Two types of microcoils were considered and modeled. The first type was a square loop (500 μm per side) that was essentially a single loop extracted from the inductor used in previous studies (Fig. 1A) (13). The second type was an asymmetric trapezoid-shaped loop that was 1000 μm long and 100 μm wide; the width tapered down to 50 μm at the tip (Fig. 1B). The trapezoid-shaped loop coil was highly similar to the silicon microprobe coil that was used in subsequent physiological experiments.

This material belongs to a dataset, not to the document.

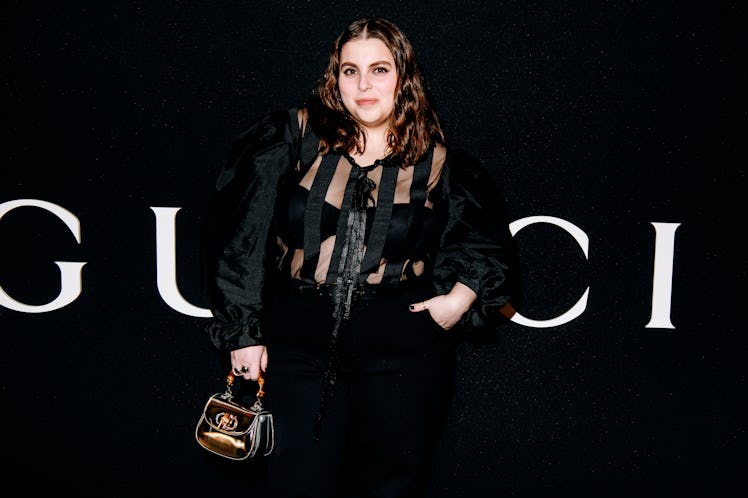 Beanie Feldstein at the Gucci Ancora Party held on February 10, 2024 in New York, New York. 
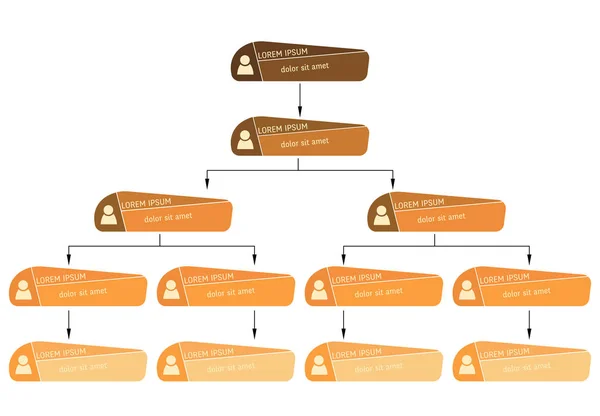Оранжевая концепция бизнес-структуры, схема корпоративной организации с людьми — стоковый вектор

Fabrication and testing of microcoils

The microcoil fabrication process was based on silicon processing techniques. First, a 50-μm-thick, 4-inch-diameter silicon wafer was bonded to a handling wafer with an adhesive. Subsequently, a 100- to 200-nm-thick SiO2 layer was deposited using plasma-enhanced chemical vapor deposition (PECVD). Then, a 2-μm-thick copper layer was sputtered using electron beam (e-beam)–assisted physical vapor deposition with a 10-nm-thin titanium layer to improve adhesion. Next, a photoresist, used as a mask for the next etching step, was spin-coated and baked. The photoresist was patterned by exposure to ultraviolet light through a phase-shifting photomask. After that, the copper was wet-etched using a solution of Transene Copper Etchant 49-1. The photoresist was stripped off in acetone, and then 300 nm of insulating SiO2 was deposited on top using PECVD. The area of the electrical contact pads was shadowed to ensure that it was free of the top insulation. Following this step, a photoresist, used as the mask in the silicon etch, was spin-coated and patterned. The 50-μm-thick silicon substrate was etched through using deep reactive ion etching. The resulting microcoil structures (Fig. 3A) were then released from the handling wafer in acetone and dried. We also made a microcoil using an ultrafine copper wire [50-μm bare diameter (45-AWG), polyurethane base coat, polyamide overcoat, 60 μm with insulation; Essex] (Fig. 3B).

The fabricated coils were assembled with copper wire leads (34-AWG, polyurethane inner coat and nylon overcoat) (Belden). The electrical contacts of the microcoils were connected to the copper wire leads using a silver conductive epoxy (CircuitWorks Conductive Epoxy, ITW Chemtronics). Assembled coils were mounted on a custom-made plastic holder with an instant adhesive, and the distal ends of the copper wire leads were attached to the signal and ground leads of a BNC (Bayonet Neill–Concelman) connector. The custom-made assemblies were secured to the micromanipulator of a stereotaxic frame (Model 900, David Kopf Instruments) for accurate positioning over the mouse cortex.

Each microcoil assembly was tested both before and after each experiment to ensure that there was no leakage of electrical current from the coil into the mouse cortex (19). Coils were submerged in physiological solution (0.9% NaCl), and the impedance between one of the coil terminals and an electrode immersed in the physiological solution was measured before and after each in vivo animal experiment. Impedances above 200 megohms were considered indicative of adequate insulation. The high impedance ensured that direct electrical currents did not contribute to any of the elicited neural activity underlying observed mouse behaviors.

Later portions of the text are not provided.